- **RECORDS PROVIDED**
::::::

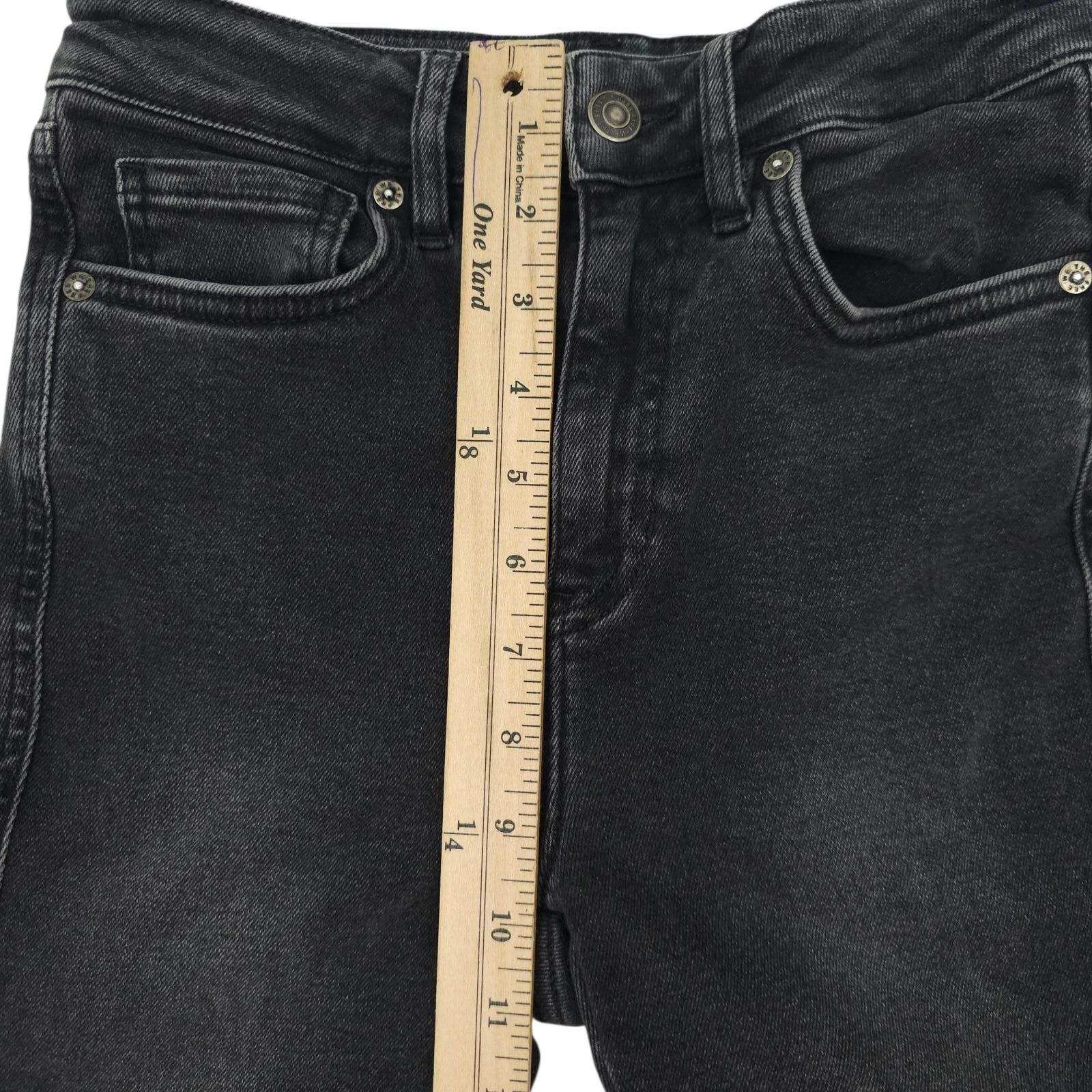 Free People We The Free People Jeans 26 High Rise Skinny Raw Hem Washed Size 24" / US 00 / IT 34 - 4 Thumbnail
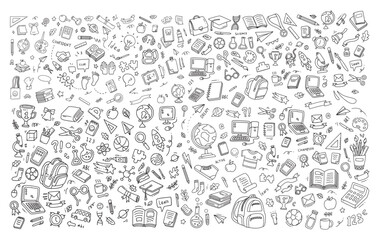 Obraz premium hand-drawn doodles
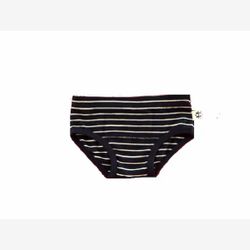 Culotte fille rayure moyenne marine et blanche (5801rm)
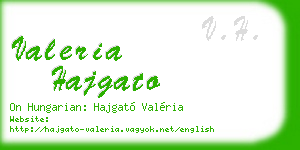 valeria hajgato business card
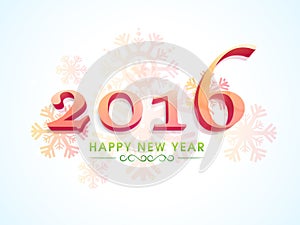 Greeting card for New Year 2016 celebration.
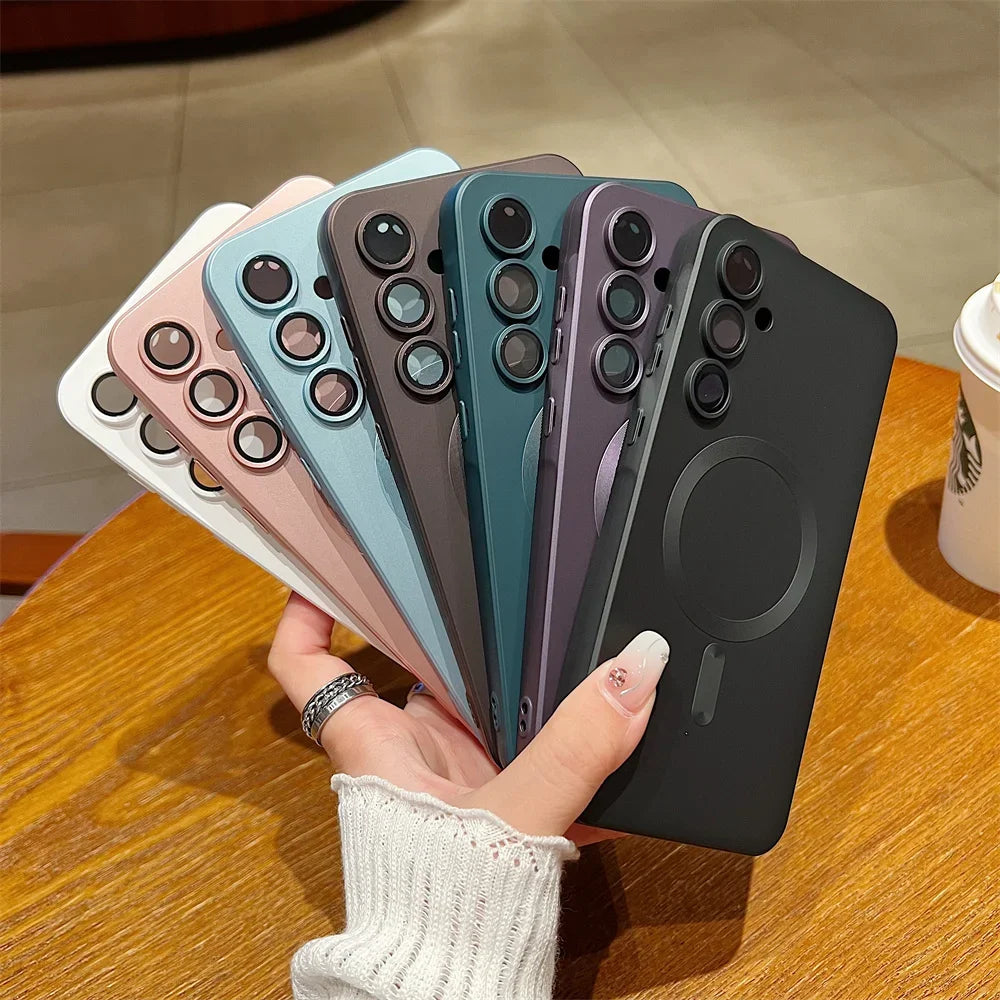 TPU Magnetic Soft Phone Case for Samsung Galaxy S26 S25Edge S24Ultra S23 S22 Plus S21 FE A56 A36 A26 A26 A16 A15 A06 A55 A54 A35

::::::

- **WHAT THE TASK REQUIRES**
Print each line from the one containing "valeria hajgato business card" through the last line of the listing, both included, exactly and with no pictures.

- **ANSWER AREA**
 valeria hajgato business card
 Greeting card for New Year 2016 celebration.
 TPU Magnetic Soft Phone Case for Samsung Galaxy S26 S25Edge S24Ultra S23 S22 Plus S21 FE A56 A36 A26 A26 A16 A15 A06 A55 A54 A35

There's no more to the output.